** What you should do **
Nothing but the lines below from the one with "Building Photo - 411 Grand Blvd" through the one with "Я не поверил глазам, это" should be output, each exactly as given, and no pictures.

** The records **
-------

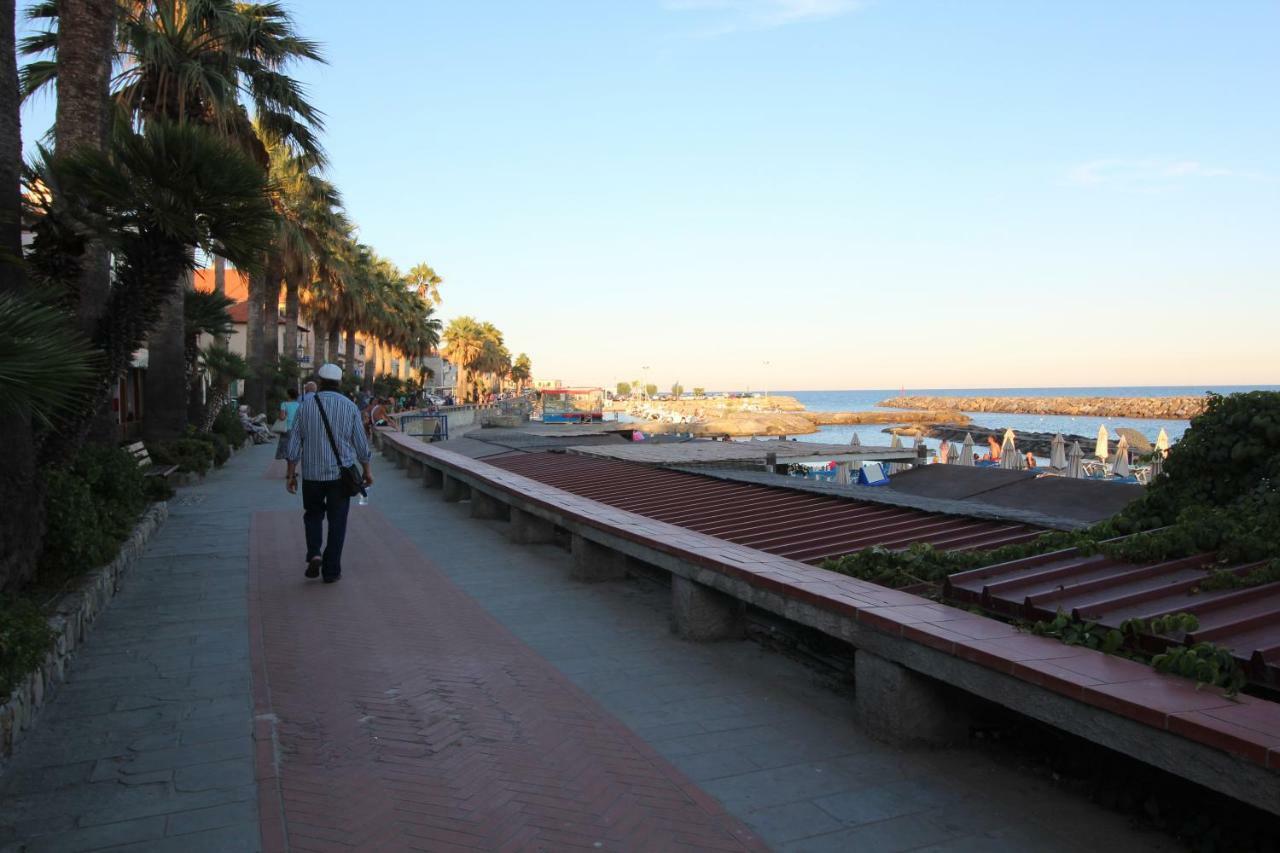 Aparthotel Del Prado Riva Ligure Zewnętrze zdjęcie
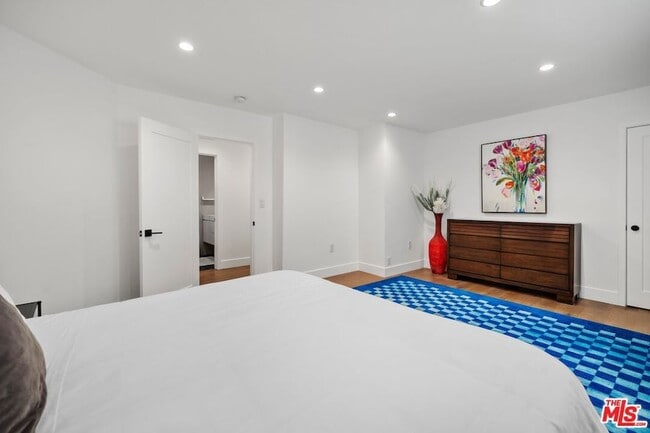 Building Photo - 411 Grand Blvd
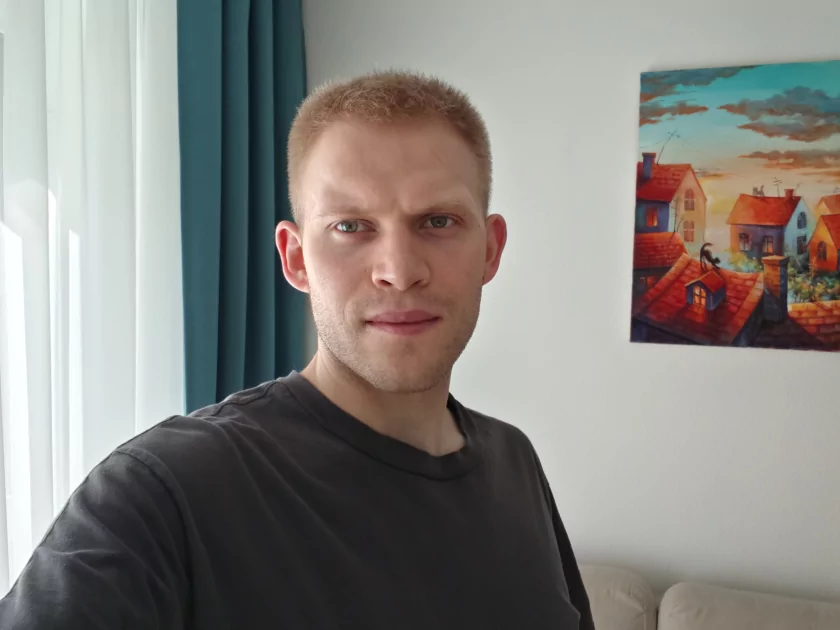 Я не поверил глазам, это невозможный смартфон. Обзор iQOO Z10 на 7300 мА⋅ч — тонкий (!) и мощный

-------

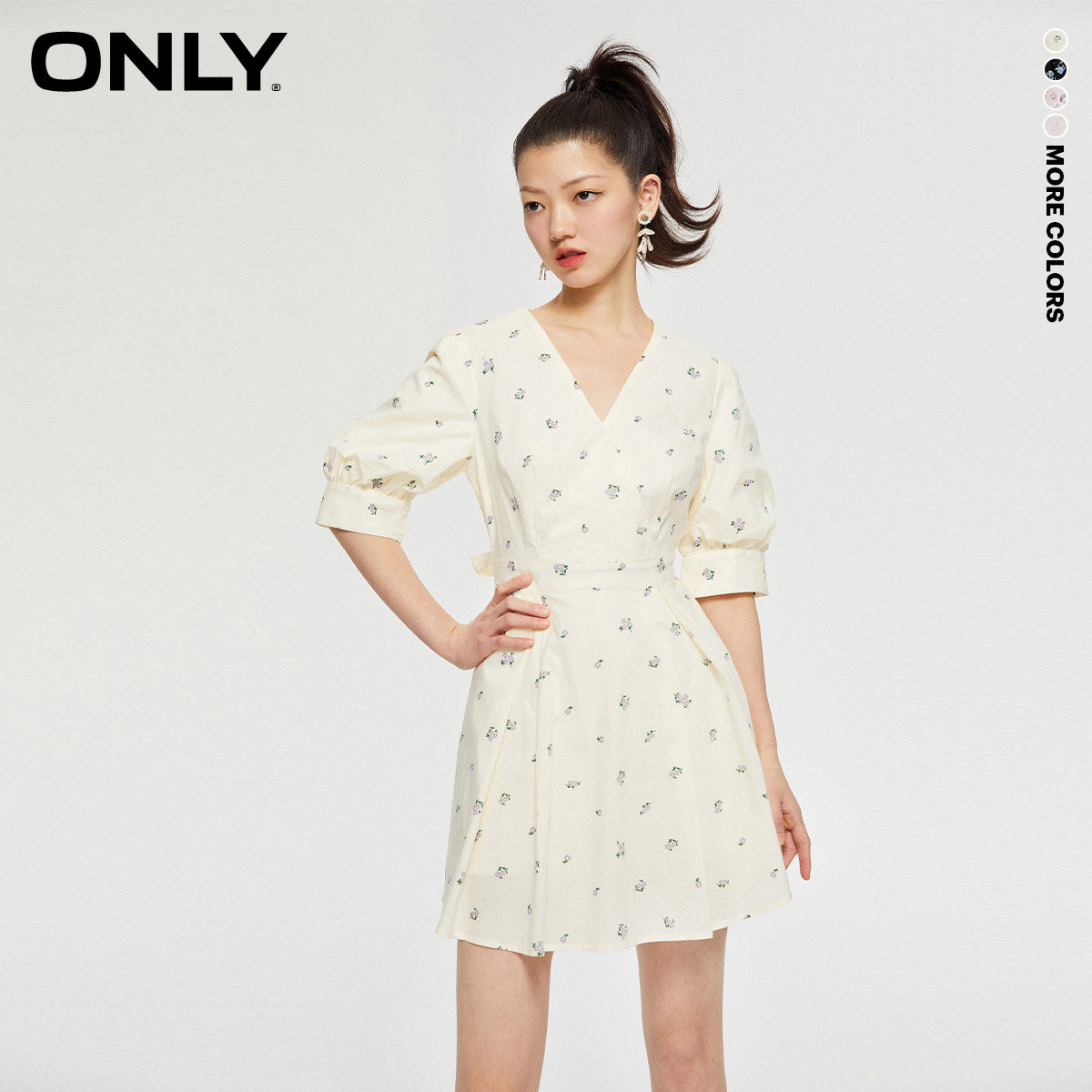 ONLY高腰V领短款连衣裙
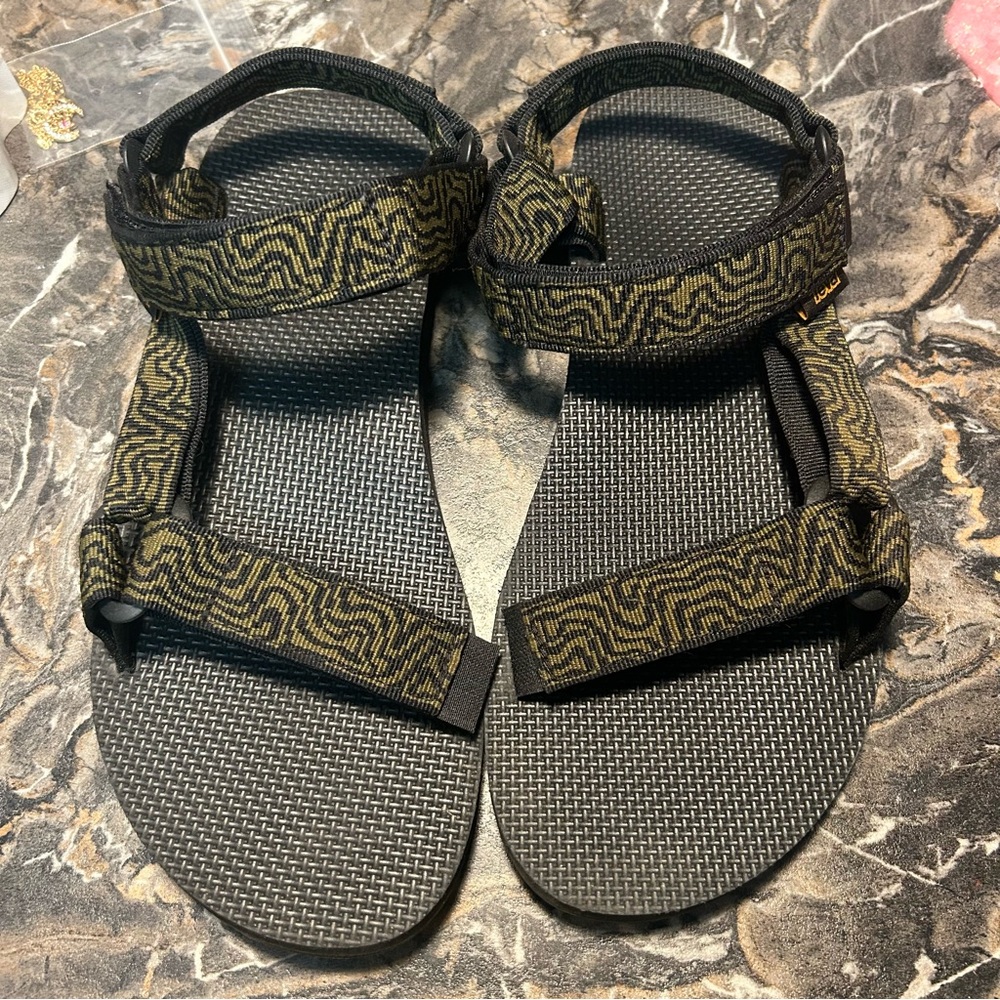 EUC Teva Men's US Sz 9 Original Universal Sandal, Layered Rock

-------

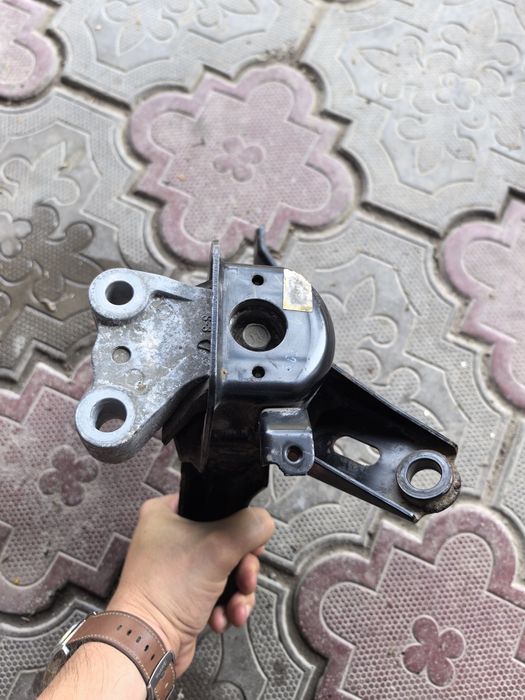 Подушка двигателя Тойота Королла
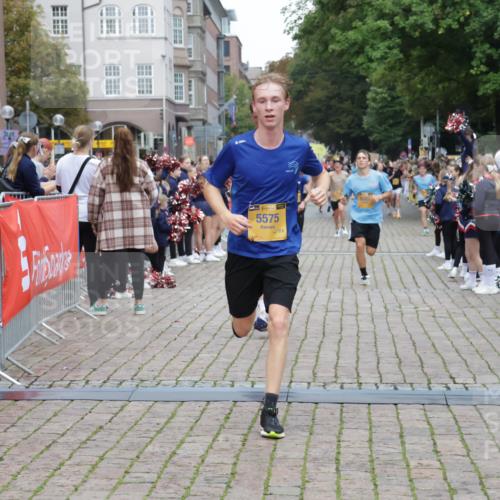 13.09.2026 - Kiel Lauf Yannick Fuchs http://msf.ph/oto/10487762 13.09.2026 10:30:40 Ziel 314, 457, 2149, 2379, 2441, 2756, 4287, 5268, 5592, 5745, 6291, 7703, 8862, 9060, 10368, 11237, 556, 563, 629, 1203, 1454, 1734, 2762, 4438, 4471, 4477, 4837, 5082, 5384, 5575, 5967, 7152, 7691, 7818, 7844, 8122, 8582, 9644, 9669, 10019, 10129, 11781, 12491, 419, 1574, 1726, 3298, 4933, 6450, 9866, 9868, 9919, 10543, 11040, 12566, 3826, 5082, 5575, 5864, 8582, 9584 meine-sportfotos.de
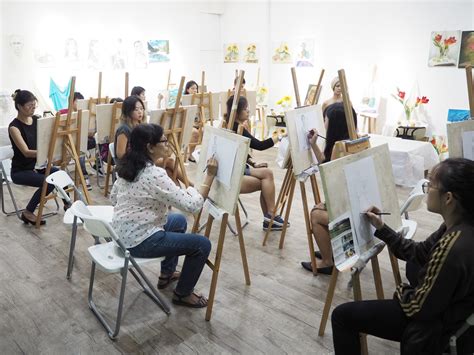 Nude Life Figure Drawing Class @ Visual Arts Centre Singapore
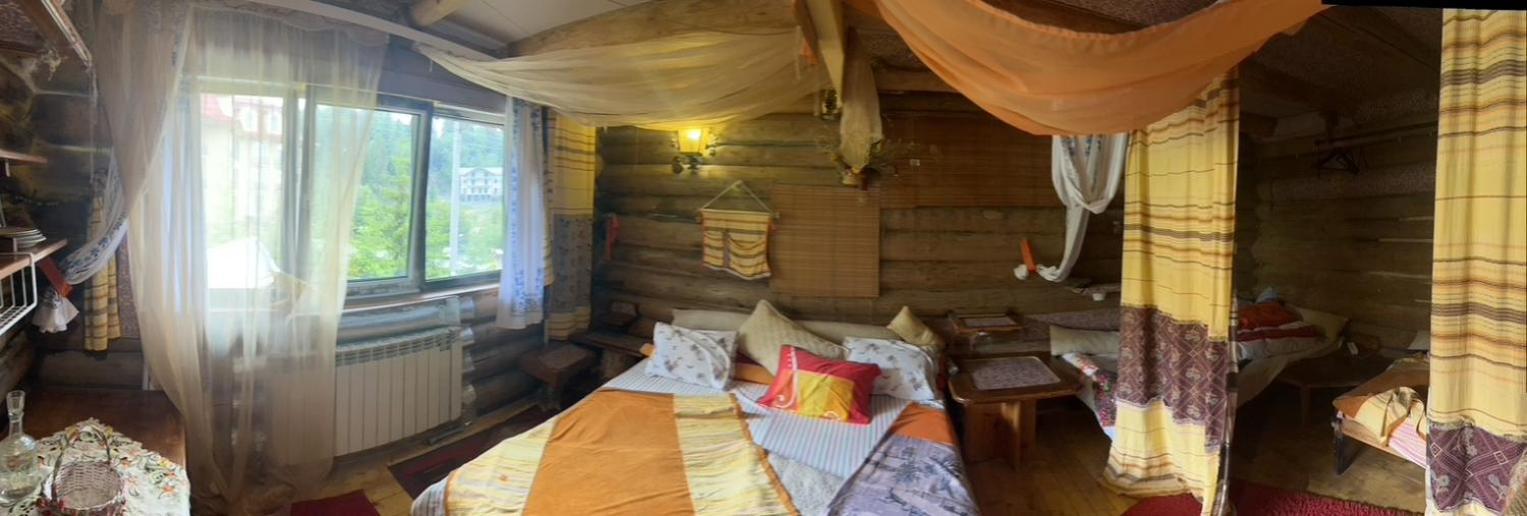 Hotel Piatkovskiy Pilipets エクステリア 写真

-------

** Response **
 Building Photo - 411 Grand Blvd
 Я не поверил глазам, это невозможный смартфон. Обзор iQOO Z10 на 7300 мА⋅ч — тонкий (!) и мощный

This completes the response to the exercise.